On our tiny planet the same rules apply. Amid the turmoil of natural elements and human follies the dominance of non-resistance still hold sway – the inevitability of change and flow rolls on, water wears away stone. The mistaken glory of resistance seems to be one of human beings’ largest mistakes. It is a mistake that mystics in most of the world’s wisdom traditions have recognized, but few, if any, cultures have taken to heart. One exception to his is the Taoist philosophy in China where non-resistance is the very core of the beliefs. To rear up and challenge the forces of the universe is seen as complete folly and invitation to disaster – it is the praying mantis waving his legs to oncoming carriage wheels.

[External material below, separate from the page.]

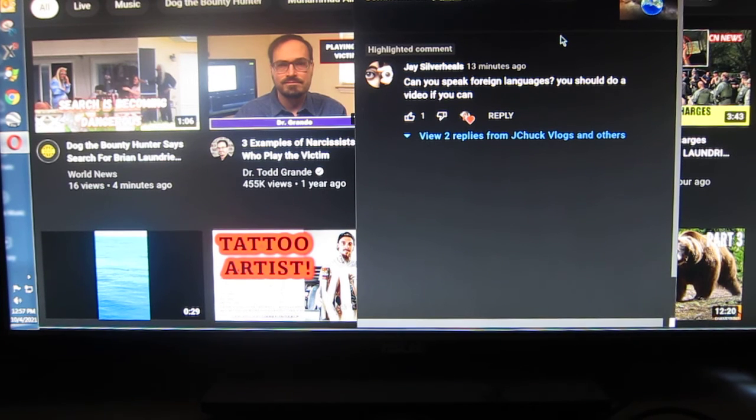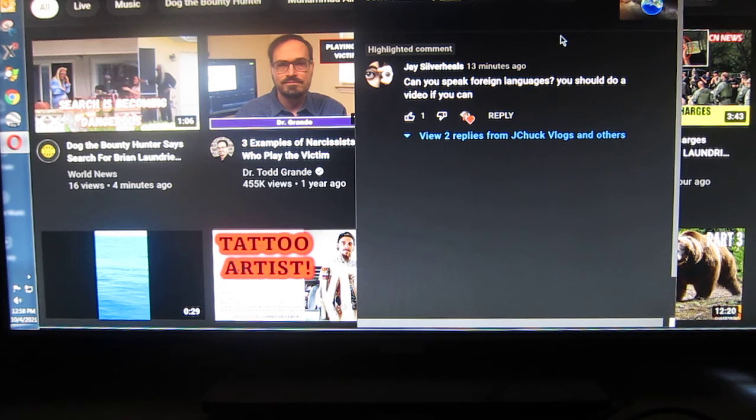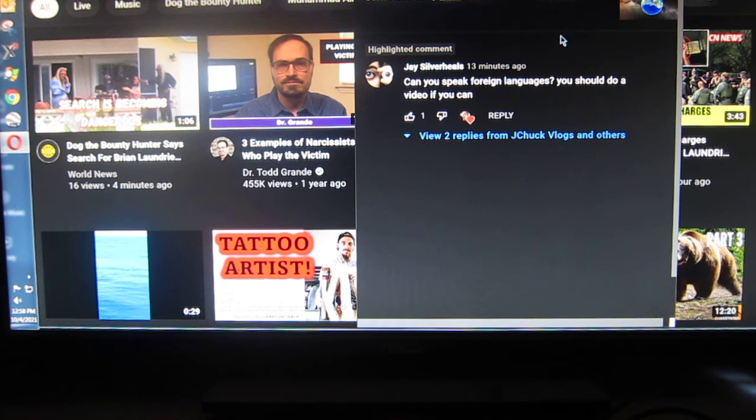Anyway, JayChuckBlog says he can speak other languages. I mean, I can't wait.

The concept of non-resistance has particular benefit when applied to everyday contemporary human life. The myth of the virtue of resistance seems to be embedded in our actions at every turn. Walking step lock with resistance is our ego. The ego is constantly grasping at resistance and is undoubtedly its greatest promoter. If something, nearly anything, does not fit the preconception of the ego, its knee-jerk reaction is resistance – the wife asks for a chore to be done > resistance; a car won’t start > resistance; a headache develops > resistance; it begins to rain > resistance. Our egos seem to have developed the insane mindset that the universe is to obediently comply to all its desires and if it doesn’t it will flail its arms before the carriage wheels.

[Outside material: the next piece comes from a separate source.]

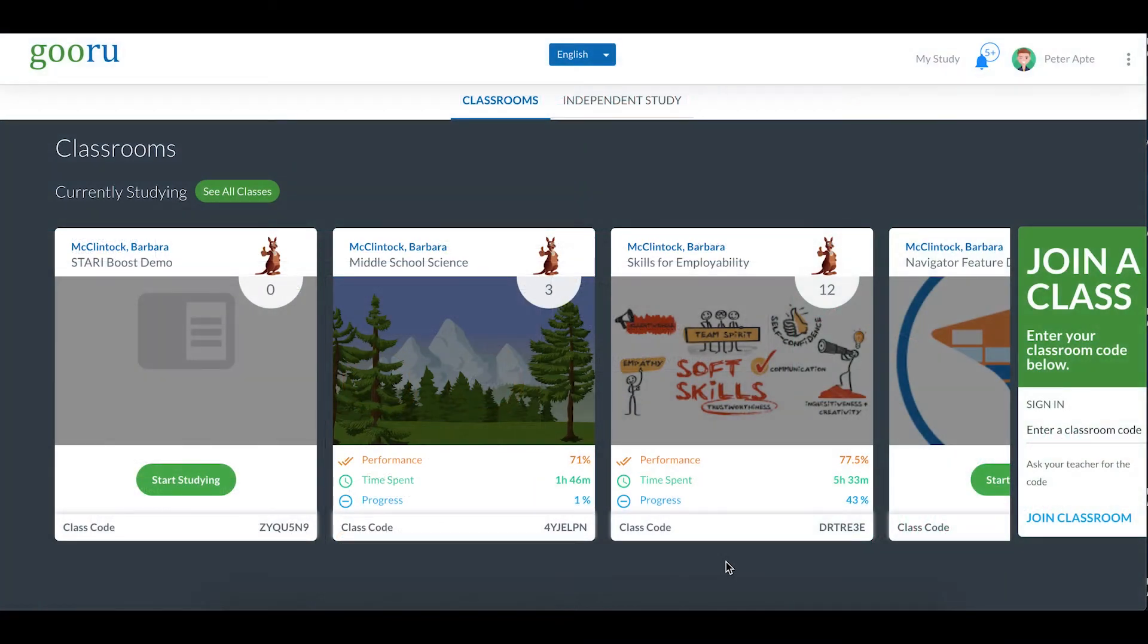In this video, we are going to look at the Student Dashboard. This feature will be available on your account beginning in July of 2021.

So much stress of daily life can be relieved through developing the attitude of non-resistance to much of life’s situations. The majority of what we perceive as “problems” are only so because we give them that importance, and the more energy we put into our resistance the more strength the “problems” have. Surely there are instances in our life that we must confront rather than accept, our survival instinct sees to that, but in the comfortable safety of most of our lives those instances are rare.

It is not easy to adopt a life style of non-resistance, as most of us have developed deep behavioral patterns of useless and harmful resistance. One of the best contemporary guides to help in this difficult process of recovery is Eckhart Tolle. He believes that one way of trying change this behavior is to become an observer of your mind. When you begin to have a conditioned response of resistance, observe that reaction. You don’t even have to try to change the reaction as you are having it, just observe it, be aware of what you are doing. You don’t necessarily even have to judge it as good or bad, just observe it. It will become quite obvious if the resistance has improved or worsened the situation. Through repeated observation the habitual behavior of resistance will eventually dissolve.